* **PROBLEM STATEMENT**
Beneath this task are records; tally the lines in them that contain "premium" and report only the number.
········
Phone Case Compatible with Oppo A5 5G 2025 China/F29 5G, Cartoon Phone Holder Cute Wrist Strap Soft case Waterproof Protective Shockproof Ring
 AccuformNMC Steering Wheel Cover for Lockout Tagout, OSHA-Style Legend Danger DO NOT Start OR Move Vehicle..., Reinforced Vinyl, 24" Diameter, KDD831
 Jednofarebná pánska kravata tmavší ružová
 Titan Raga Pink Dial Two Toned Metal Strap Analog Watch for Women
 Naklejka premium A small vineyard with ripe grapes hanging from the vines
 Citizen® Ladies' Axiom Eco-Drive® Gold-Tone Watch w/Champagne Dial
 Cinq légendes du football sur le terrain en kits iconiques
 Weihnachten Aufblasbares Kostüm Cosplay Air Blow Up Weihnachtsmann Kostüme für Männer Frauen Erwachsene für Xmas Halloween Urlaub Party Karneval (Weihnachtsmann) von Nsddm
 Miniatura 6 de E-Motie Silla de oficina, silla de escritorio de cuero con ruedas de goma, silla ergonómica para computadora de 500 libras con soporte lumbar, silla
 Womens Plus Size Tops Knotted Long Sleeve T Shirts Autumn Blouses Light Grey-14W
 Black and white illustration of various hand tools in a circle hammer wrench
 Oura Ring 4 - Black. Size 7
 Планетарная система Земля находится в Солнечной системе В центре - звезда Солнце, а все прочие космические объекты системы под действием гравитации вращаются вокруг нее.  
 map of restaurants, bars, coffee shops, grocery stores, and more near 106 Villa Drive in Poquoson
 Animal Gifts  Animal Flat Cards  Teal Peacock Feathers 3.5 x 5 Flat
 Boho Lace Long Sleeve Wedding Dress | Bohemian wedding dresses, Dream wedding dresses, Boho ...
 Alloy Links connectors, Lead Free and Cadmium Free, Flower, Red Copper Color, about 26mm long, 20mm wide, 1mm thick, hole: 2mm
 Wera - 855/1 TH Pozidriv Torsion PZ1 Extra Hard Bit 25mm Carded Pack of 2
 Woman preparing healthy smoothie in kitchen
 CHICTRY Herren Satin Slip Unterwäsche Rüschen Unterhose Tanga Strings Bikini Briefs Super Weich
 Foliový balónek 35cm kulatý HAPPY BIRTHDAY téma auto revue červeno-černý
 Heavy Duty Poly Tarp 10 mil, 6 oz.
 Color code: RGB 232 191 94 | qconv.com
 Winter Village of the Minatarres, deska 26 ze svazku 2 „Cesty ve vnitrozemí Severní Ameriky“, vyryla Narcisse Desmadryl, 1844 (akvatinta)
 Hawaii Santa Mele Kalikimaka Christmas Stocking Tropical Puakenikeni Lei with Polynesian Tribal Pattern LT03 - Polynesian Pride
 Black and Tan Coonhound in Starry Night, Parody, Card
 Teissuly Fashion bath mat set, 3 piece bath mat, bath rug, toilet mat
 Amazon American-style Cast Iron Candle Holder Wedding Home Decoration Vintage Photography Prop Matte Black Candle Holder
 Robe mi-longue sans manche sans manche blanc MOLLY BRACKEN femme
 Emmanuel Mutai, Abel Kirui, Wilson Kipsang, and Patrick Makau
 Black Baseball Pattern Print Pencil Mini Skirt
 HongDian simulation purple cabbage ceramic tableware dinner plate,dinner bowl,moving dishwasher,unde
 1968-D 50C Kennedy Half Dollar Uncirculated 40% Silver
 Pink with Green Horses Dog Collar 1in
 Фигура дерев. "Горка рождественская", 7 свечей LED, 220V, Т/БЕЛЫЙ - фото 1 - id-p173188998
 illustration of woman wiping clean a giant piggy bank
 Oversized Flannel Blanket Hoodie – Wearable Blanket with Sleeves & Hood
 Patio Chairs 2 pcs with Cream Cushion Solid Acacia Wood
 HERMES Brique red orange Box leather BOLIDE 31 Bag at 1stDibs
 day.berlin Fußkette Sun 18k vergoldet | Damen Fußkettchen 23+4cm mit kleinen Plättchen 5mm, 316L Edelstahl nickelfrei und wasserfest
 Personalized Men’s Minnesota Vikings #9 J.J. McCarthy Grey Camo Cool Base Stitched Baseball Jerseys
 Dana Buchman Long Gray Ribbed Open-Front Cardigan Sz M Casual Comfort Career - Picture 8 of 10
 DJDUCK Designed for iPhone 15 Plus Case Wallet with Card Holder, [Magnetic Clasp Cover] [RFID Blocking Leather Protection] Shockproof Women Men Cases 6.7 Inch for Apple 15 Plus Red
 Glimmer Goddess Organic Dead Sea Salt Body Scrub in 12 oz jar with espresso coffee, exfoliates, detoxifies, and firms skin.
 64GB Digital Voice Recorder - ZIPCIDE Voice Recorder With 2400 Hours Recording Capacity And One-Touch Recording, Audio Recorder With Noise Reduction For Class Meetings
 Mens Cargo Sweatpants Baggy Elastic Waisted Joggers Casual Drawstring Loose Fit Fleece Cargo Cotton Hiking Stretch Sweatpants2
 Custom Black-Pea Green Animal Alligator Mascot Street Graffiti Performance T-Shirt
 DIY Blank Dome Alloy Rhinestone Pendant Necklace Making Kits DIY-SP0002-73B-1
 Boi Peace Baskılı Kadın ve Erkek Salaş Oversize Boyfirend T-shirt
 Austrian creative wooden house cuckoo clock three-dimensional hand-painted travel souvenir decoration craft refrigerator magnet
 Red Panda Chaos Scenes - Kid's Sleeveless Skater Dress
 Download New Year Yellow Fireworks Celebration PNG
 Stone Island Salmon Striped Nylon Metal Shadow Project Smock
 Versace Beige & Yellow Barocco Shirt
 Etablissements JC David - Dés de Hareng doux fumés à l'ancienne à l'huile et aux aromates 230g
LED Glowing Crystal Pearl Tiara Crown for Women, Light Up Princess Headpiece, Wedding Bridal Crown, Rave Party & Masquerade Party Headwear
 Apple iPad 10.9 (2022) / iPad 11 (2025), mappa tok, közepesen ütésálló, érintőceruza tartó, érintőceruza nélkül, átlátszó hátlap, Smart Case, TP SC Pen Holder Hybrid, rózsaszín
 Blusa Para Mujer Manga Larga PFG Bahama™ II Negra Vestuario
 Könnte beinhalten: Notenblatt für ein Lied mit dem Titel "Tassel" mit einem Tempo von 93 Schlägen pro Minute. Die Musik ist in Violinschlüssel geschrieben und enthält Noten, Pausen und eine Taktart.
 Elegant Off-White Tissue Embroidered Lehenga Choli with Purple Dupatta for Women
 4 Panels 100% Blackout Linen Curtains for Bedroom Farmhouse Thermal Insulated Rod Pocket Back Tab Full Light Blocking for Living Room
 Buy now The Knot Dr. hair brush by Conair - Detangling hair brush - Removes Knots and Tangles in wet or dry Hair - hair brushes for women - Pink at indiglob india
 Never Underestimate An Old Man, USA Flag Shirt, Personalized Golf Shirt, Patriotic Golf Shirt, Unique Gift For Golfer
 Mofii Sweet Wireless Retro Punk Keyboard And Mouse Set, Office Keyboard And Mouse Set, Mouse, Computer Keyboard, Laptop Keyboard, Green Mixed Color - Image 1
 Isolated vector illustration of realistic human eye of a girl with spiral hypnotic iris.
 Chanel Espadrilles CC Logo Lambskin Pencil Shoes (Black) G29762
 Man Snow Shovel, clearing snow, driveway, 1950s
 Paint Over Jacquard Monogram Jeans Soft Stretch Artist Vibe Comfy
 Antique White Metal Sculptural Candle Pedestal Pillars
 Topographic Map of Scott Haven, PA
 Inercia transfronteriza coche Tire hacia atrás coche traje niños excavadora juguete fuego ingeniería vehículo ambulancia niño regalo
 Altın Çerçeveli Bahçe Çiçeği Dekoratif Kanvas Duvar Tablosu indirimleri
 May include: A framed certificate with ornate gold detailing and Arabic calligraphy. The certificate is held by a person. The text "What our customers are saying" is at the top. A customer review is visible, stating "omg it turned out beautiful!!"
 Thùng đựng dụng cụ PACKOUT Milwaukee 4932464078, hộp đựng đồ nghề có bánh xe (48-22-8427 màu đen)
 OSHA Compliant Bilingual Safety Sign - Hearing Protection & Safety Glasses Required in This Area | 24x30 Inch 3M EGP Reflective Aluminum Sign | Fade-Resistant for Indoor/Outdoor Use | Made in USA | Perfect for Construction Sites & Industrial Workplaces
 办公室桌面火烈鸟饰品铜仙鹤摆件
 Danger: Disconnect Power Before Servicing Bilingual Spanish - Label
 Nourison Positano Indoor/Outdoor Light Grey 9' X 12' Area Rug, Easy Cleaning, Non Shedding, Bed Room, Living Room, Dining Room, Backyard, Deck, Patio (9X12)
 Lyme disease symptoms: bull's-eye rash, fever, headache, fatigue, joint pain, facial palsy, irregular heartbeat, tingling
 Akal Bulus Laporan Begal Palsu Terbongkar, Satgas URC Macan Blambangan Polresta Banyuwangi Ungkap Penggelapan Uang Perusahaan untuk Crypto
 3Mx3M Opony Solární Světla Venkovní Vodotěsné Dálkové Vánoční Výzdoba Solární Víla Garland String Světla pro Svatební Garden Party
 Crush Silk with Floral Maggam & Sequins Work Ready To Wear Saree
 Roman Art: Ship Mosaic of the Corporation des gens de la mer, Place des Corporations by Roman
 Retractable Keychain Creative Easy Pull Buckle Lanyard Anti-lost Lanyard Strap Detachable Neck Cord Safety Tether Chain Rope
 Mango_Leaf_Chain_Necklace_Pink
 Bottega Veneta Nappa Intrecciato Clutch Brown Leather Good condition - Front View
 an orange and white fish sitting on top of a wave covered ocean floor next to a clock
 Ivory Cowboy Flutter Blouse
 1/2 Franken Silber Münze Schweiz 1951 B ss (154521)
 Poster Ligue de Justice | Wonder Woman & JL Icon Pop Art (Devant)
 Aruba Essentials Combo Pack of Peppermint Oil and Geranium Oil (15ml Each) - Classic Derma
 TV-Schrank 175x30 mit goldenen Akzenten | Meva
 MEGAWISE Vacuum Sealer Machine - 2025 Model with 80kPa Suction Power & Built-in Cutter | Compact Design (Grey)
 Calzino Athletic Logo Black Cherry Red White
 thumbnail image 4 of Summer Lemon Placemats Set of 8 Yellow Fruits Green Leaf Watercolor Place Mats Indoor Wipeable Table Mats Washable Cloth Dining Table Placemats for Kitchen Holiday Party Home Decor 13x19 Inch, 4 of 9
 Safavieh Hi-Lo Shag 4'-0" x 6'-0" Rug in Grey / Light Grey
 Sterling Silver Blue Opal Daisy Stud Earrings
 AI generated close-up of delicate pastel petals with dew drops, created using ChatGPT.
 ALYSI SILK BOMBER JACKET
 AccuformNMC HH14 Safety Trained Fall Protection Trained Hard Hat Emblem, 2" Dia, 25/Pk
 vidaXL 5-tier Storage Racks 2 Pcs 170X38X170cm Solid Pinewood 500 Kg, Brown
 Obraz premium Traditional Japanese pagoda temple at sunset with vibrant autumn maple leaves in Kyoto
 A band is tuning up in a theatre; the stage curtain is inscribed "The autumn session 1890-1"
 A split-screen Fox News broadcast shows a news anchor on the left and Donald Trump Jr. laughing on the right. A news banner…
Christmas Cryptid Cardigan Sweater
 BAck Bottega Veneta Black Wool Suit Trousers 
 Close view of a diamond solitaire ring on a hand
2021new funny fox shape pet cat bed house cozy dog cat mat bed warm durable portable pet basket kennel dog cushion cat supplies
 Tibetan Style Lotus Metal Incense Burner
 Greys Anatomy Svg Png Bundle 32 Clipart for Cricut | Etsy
········
* **YOUR SOLUTION**
2